Growing up and going through grad school, I’ve always admired people who possess a high level of thought clarity. And I don’t know where I am on that scale. For some people the principles seem to be just crystal clear, but for me I seem to need to constantly question and re-evaluate things in my mind.
I came across Yan Wang’s context infrastructure and was super curious about the idea of using AI to help analyze my own thought process to distill my core principles. So I gave it a shot and here’s what I’ve learned from 6.5 years industry experience, and from my recent adoption of AI. The result is far from perfect, but it’s a good start.
Some of Yan’s axioms also apply to the DS job family and therefore I reused them.
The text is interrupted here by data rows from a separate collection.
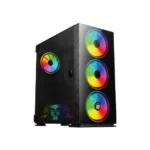 Value-Top MANIA X6 E-ATX Gaming Casing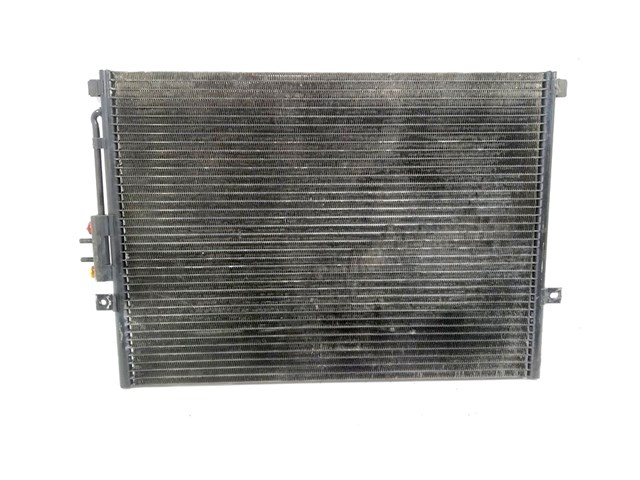 CHRYSLER 55115918AB Condensador aire acondicionado  en stock Salamanca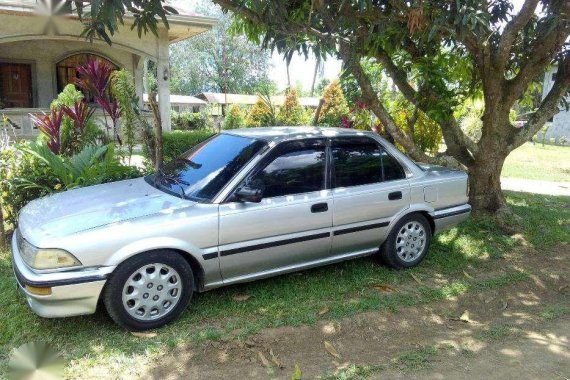 Toyota Corolla 1992 For sale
Using the same A (AI/Agentic), T (Technical), V (Verification and Trust), M (Management) and X (Cross-domain) taxonomy, here is my list.
A (AI/Agentic)
All three come from Yan :) I clearly have huge headroom for improvement.
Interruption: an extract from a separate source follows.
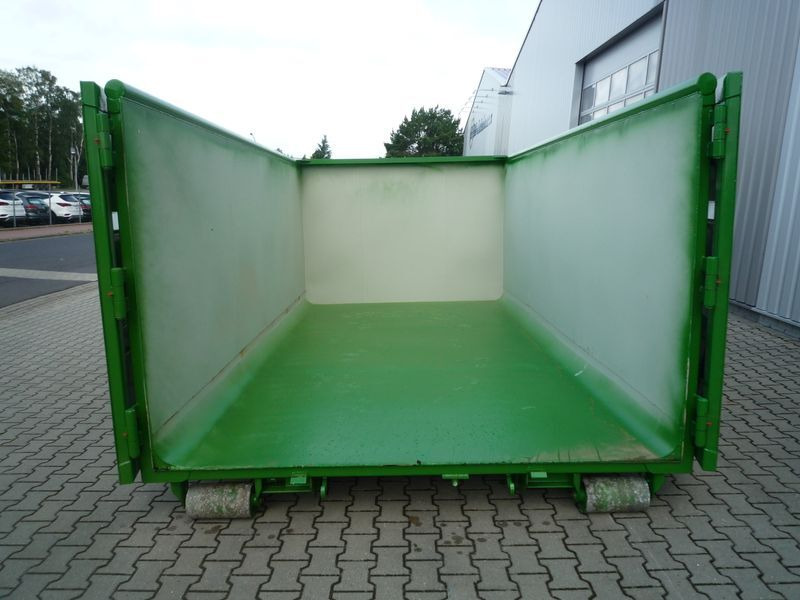 Benne ampliroll neuf Container STE 4500/1700, 18 m³, Abrollcontainer,: photos 6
| ID | Statement | Core Idea |
|---|---|---|
| A01 | Yan’s A02 | Detach from execution mechanics and shift toward managing expectations, resources, and systemic boundaries |
| A02 | Yan’s A03 | AI amplifies the user’s existing engineering taste, architectural vision, and domain expertise. |
| A03 | Yan’s A05 | High quality documentation is the only sustainable path to maintain long term agent productivity |
T (Technical)
| ID | Statement | Core Idea |
|---|---|---|
| T01 | Yan’s T05 | Code is a transient implementation detail and cognition is permanent asset. |
| T02 | Yan’s T09 | Capturing high quality data is a valuable product itself |
| T03 | Methodology as infra | Productizing methodologies into tools is the best way for a DS to maintain a technical lever against growing scale. |
| T04 | Causal grounding | Establish counterfactual and answer what would have happened if we had not done something, before drawing conclusions about impact |
| T05 | Heavy tail sensitivity | True systemic risks and opportunity are hidden in the heavy tail of the distribution |
| T06 | Yan’s T02 | Validate the final results rigorously and give the process flexibility |
V (Verification and Trust)
| ID | Statement | Core Idea |
|---|---|---|
| V01 | Verifiability | A system that fails and no one knows why or where cannot be used for decision making |
| V02 | No skipped tests | Unit-tests, lints, and fixers are entry tickets for code check-in. |
| V03 | Single Source of Truth | Your centralized planning document is the contract for what is being built. No scope creep. |
M (Management)
| ID | Statement | Core Idea |
|---|---|---|
| M01 | Meta-skill and Outcome Bias | Solve for classes of problems through general frameworks (Meta-skills) rather than solving single tasks through narrow, brittle instructions |
| M02 | Global Optimization | Governance decisions are not simple classification problems. They are global optimization exercises performed under finite resource constraints. |
| M03 | Currency First Interpretation | Translating statistics into business currency is the only effective language for leadership and strategic alignment. |
| M04 | Minimalism is Correctness | Minimizing code changes and system complexity is the fundamental way to reduce cascading errors, and maintain high-fidelity governance. |
X (Cross-domain)
| ID | Statement | Core Idea |
|---|---|---|
| X01 | Friction efficiency | The goal of governance is not necessarily eradication, but the decision of precise friction that makes the marginal cost of bad actions exceed its expected gain. |
Conclusion
This is a V0 and I hope to self-iterate into someone with a clearer mind. To be honest, I still don’t know where I am on the scale of thought clarity, but doing this exercise was helpful. All in all we just need to improve based on where we are now :)
Also, if your infrastructure allows, I highly recommend you to use Yan’s context infrastructure to distill your own principles. It’s a fun and insightful process.